LD: Did anything in particular affect gear and/or design choices?
JK: We did end up changing the lights in the floor very late in the process. They were always supposed to be mini-strips, but I received a call from the scene shop and was asked to come take a look at how the set was being constructed. With all the bracing necessary under the raked deck, it was impossible to install mini-strips there, especially with access to be maintained. We decided to go with flood lamps on flush mount sockets instead, because that is all that would fit.
CA: The need to maintain the look of the set and the costumes played a huge role in our gear and placement decisions.

LD: What piece of gear was your workhorse? What else came in handy?
CA: I love the sound of the mic-pres and EQ on the Yamaha PM5000 console. That and the Galileo from Meyer for processing and distribution were our best tools on this show. This is, of course, secondary to having a good mix engineer.
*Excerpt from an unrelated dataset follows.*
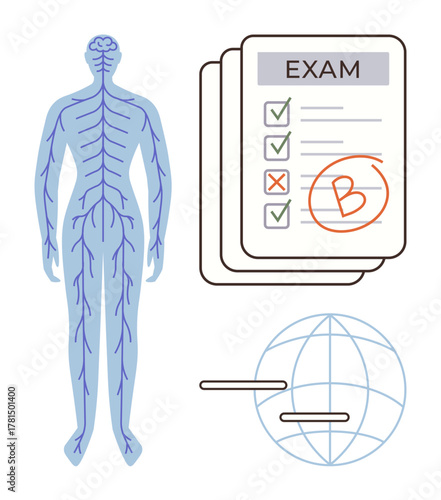 Anatomical nervous system diagram next to marked exam sheet and globe graphic. Ideal for education, anatomy, healthcare, neurology, academic assessment, medical research, learning. Simple flat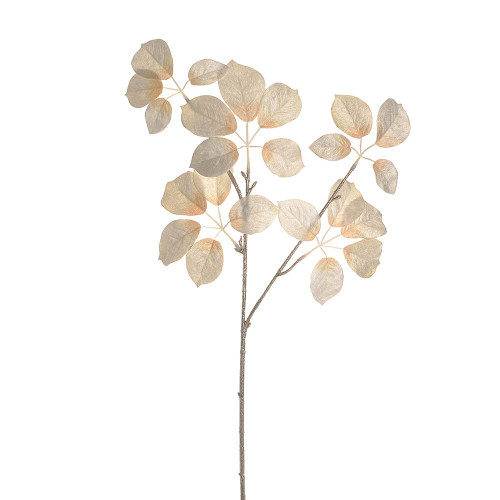 Baby Schefflera Spray Cream 70Cm from Country Baskets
JK: The Vari-Lite VL3500 was by far the most utilized piece of equipment for lighting this production. It allowed us to shape rooms into boxes that could then become circles or to have two characters in down pools of light that then would come together as one—particularly useful for telling the story of Fräulein Schneider and Herr Schultz. The lighting package was made up of four VL3500 spots, five SGM Giotto Spots, two Rosco I-Cue Intelligent Mirrors, 12 L+E Mini-Strips, approximately 300 ETC Source Four ellipsoidals, 50 Wybron Forerunner scrollers, six Altman Far Cycs, 60 Birdies, a Le Maitre Radiance Hazer, and a multitude of practical sources. The console was an ETC Obsession 2 750.
BSB: The theatre agreed to build an elevator for the train to lift out of the deck—something new for the theatre. Chicago Flyhouse built the winch elevator that brought the train car up and down very quickly for the top and finale of the show. We could adjust the speed, which was brilliant.

LD: What were the main challenges during rehearsals/programming?
BSB: Time is always a challenge at Drury Lane. Debbie Reynolds’ week-long performance did not make it any easier. The set was built so that the crew could install half of the deck and upstage part of the set. They then loaded in Reynolds’ set downstage of ours. The crew had to strike her set and continue loading in our set on Sunday night to be ready for tech on Tuesday. It was a little crazy, but Julie Walker, Drury Lane’s production manager, and the crew did an exceptional job. Brad Gonda, the TD, went over to the shop when they struck the set to make sure that everything was labeled correctly for the install. It was one of the smoothest processes, logistically and artistically, which really showed on stage.